## Setup

### Install required libraries

The libraries should already be installed in the terminal after running 
```
pip install -r requirements.txt
```
in the root directory, but this will be useful if the notebook is used in other environments.

In [1]:
%%capture
!pip install InstructorEmbedding==1.0.1
!pip install scikit-learn==1.6.1
!pip install pandas==2.2.3
!pip install numpy==2.2.6
!pip install sentence-transformers==2.2.2
!pip install requests==2.32.3
!pip install transformers==4.37.2
!pip install huggingface-hub==0.25.2

### Import required libraries

In [2]:
import pandas as pd
import numpy as np
from InstructorEmbedding import INSTRUCTOR
from sklearn.metrics.pairwise import cosine_similarity
import requests
from huggingface_hub import configure_http_backend
import urllib3

pd.set_option('display.max_colwidth', 100)

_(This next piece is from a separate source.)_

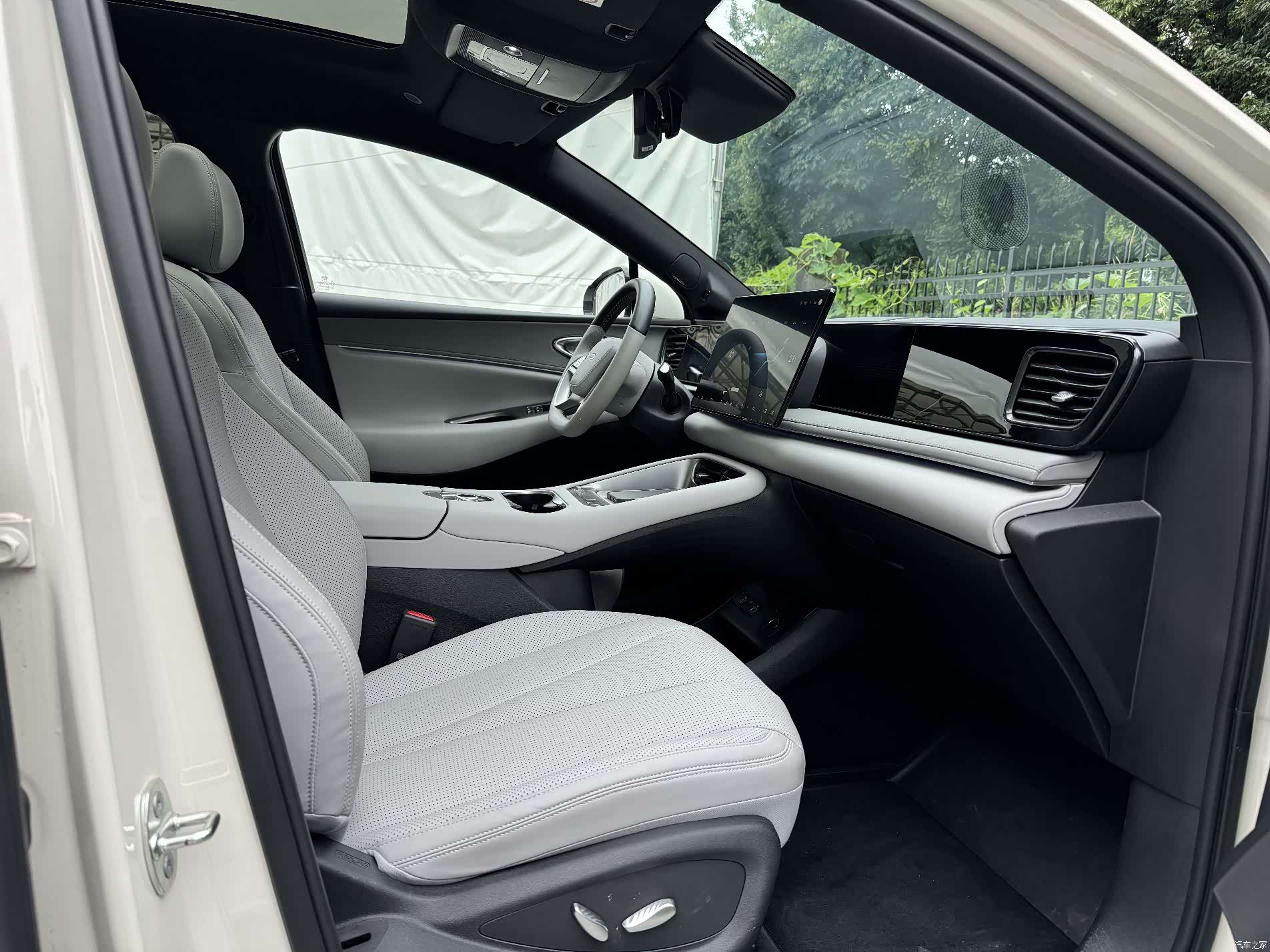 BYD HiAce, 2025 10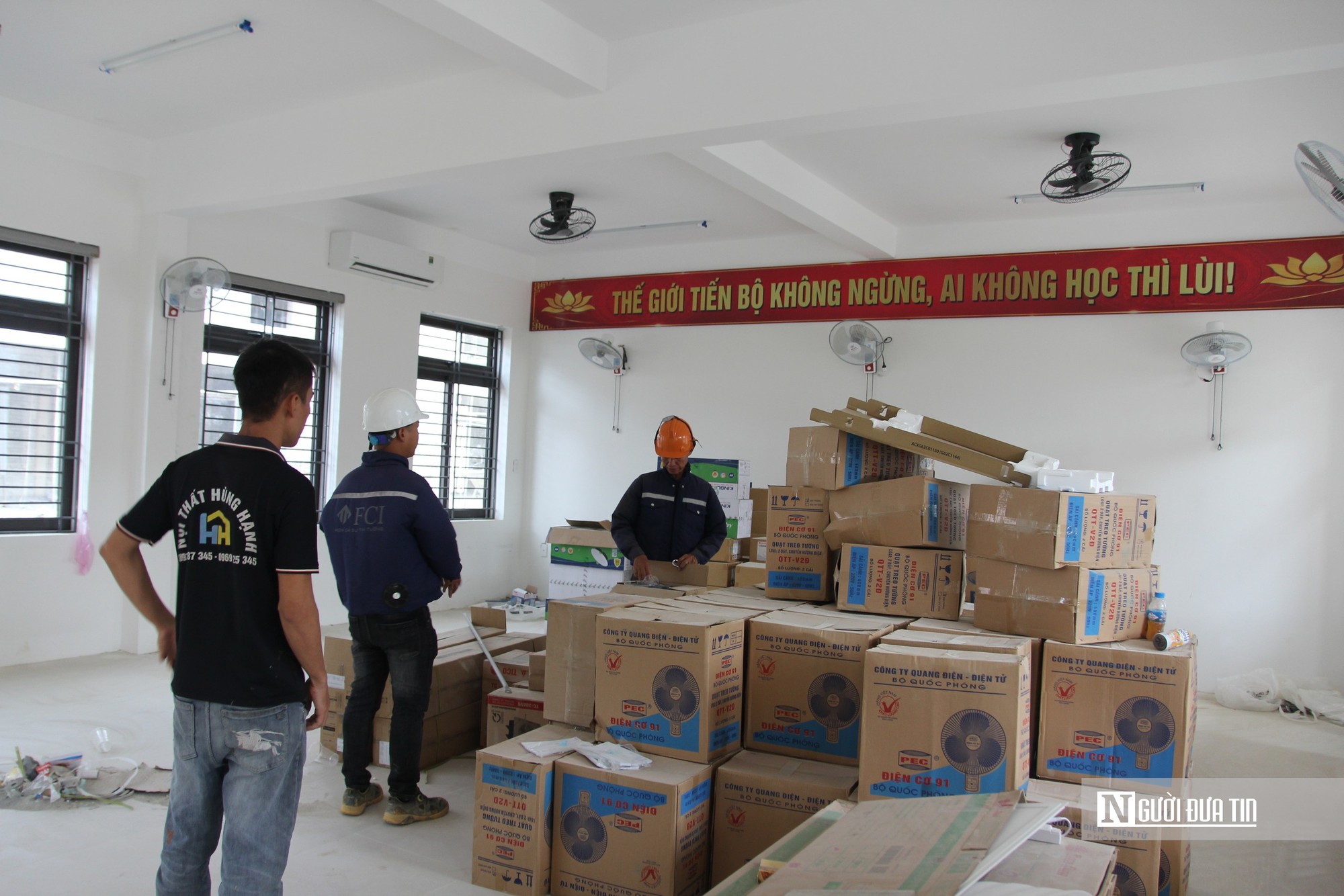 Tốc lực hoàn thành dự án trường nội trú liên cấp để sẵn sàng khai giảng - Ảnh 6.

  from tqdm.autonotebook import trange


### Other configurations

In [3]:
urllib3.disable_warnings(urllib3.exceptions.InsecureRequestWarning)

# [OPTIONAL] Use if there is SSL certificate verification issues
def backend_factory() -> requests.Session:
    session = requests.Session()
    session.verify = False
    return session


configure_http_backend(backend_factory=backend_factory)

### Load the Instructor model

In [4]:
model = INSTRUCTOR('hkunlp/instructor-large')

load INSTRUCTOR_Transformer
max_seq_length  512


### Load dataset

In [5]:
cv_csv_file = f'../datasets/common_voice/cv-valid-dev.csv'
df = pd.read_csv(cv_csv_file)
df.head(10)

Unnamed: 0,filename,text,up_votes,down_votes,age,gender,accent,duration
0,cv-valid-dev/sample-000000.mp3,be careful with your prognostications said the stranger,1,0,,,,
1,cv-valid-dev/sample-000001.mp3,then why should they be surprised when they see one,2,0,,,,
2,cv-valid-dev/sample-000002.mp3,a young arab also loaded down with baggage entered and greeted the englishman,2,0,,,,
3,cv-valid-dev/sample-000003.mp3,i thought that everything i owned would be destroyed,3,0,,,,
4,cv-valid-dev/sample-000004.mp3,he moved about invisible but everyone could hear him,1,0,fourties,female,england,
5,cv-valid-dev/sample-000005.mp3,but everything had changed,3,0,teens,male,us,
6,cv-valid-dev/sample-000006.mp3,are you sure this is claire,2,0,,,,
7,cv-valid-dev/sample-000007.mp3,it had told him to dig where his tears fell,1,0,,,,
8,cv-valid-dev/sample-000008.mp3,the shop folks were taking down their shutters and people were opening their bedroom windows,1,0,twenties,female,canada,
9,cv-valid-dev/sample-000009.mp3,the teacher thought that he'd taught himself all he could,1,0,fifties,female,australia,


### Create hot words and instruction

In [6]:
hot_words = ['be careful', 'destroy', 'stranger']

In [7]:
instruction = "Represent the warning concept:"

### Create embeddings for the hot words

In [8]:
hot_word_embeddings = model.encode([[instruction, hw] for hw in hot_words])

### Create embeddings for the text column

In [9]:
sentences = df['text'].tolist()
sentence_embeddings = model.encode([[instruction, s] for s in sentences])

### Test the Instructor model using samples

We are using cosine similarity to check the similarity between the hot words embeddings and the sentence embeddings.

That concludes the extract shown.